Drug companies are notorious for doing all they can to keep their medications as expensive as possible, and even drug coupons promising big savings are part of this strategy.
In news that will surprise very few people working in healthcare or the insurance industry, a study published this month in the National Bureau of Economic Research has found that drug coupons actually raise healthcare costs by steering people towards more expensive brand-name medications even when generic, less costly alternatives are available.
Brand name drugs, according to the United States Food and Drug Administration, cost an average of five times as much as their generic counterparts, even though most researchers agree that generic and brand-name drugs containing the same molecules are basically the exact same product. Brand-name companies have nonetheless made use of patents over the years to squeeze out their generic competition. But even when generic brands are in fact available, drug coupons may keep patients hooked on their brand-name counterparts, the research shows, through use of coupons.

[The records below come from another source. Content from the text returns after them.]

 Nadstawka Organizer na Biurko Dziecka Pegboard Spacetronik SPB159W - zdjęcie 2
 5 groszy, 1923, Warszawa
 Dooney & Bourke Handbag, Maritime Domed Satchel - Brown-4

The problem with these immediate savings brought by coupons, the researchers say, is that the popularity of coupons ultimately raises health care premiums for everyone in the long run because insurance companies continue to pay the same higher rate for brand-name drugs.
Leemore Dafny, a professor at the Harvard Business School, teamed up with Kellogg School of Management professor Christopher Ody and UCLA Anderson School of Management professor Matt Schmitt to study consumers’ use of drug coupons in a three-year period, from 2007 to 2010. Technically called “copay coupons,” the savings offered in drug coupons are covered not by the drug makers who are offering them but by the insurance companies.

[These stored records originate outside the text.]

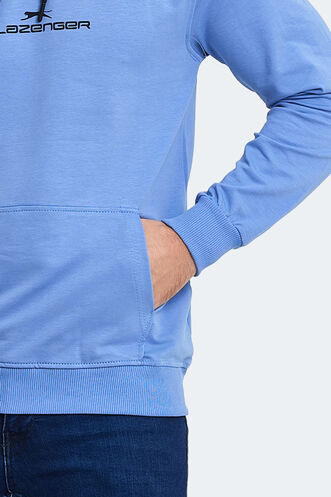 Slazenger ONCA Men's Sweatshirt Turquoise - Thumbnail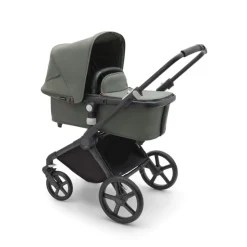 Bugaboo Fox Cub Kinderwagen Compleet Black - Forest Green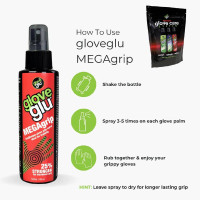Gloveglu MegaGrip Glove Care System Spray 3 x 120 ML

"I think it’s kind of this basic insight that, while these coupons seem very basic or tame at first blush, it could contribute to higher pharmaceutical spending,” Schmitt tells ConsumerAffairs. In fact, previous published research, including a 2013 study in the New England Journal of Medicine, has similarly found that coupons do not offset healthcare costs overall, and that most coupon deals are only available for a year or less anyway.

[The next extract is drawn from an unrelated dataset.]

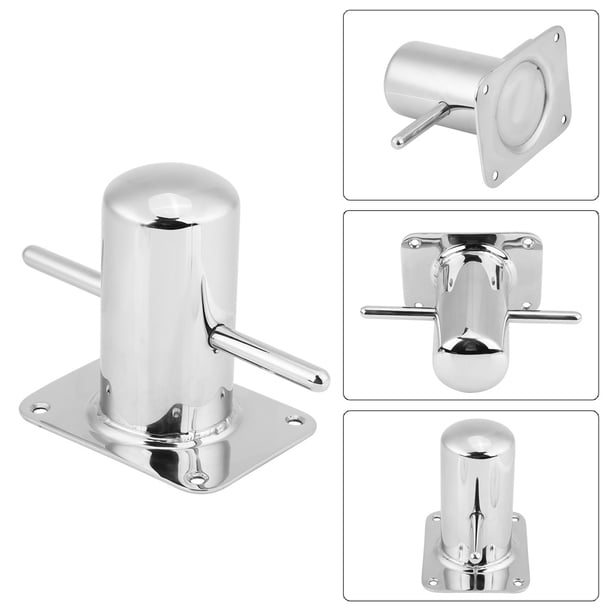 Taquet D’amarrage Double Croix En Acier Inoxydable 316 – Antirouille, 335 X 140 Mm, Pour Bateaux Et Yachts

Increased pharmaceutical spending
Because Medicare patients are banned from using drug coupons, Schmitt and his fellow researchers in this more recent study used publicly available Medicare data to compare drug spending, and they only studied drug coupons for which a generic drug alternative was available. Their analysis found that coupons for brand-name drugs put a bigger strain on insurance companies by deterring people from generics.
“We find that coupons increase branded sales by 60+ percent, entirely by reducing the sales of bioequivalent generics,” the researchers write. In total, they estimate that drug costs increased on the low end by $30 million, or on the high end as much as $120 million, all thanks to those coupons.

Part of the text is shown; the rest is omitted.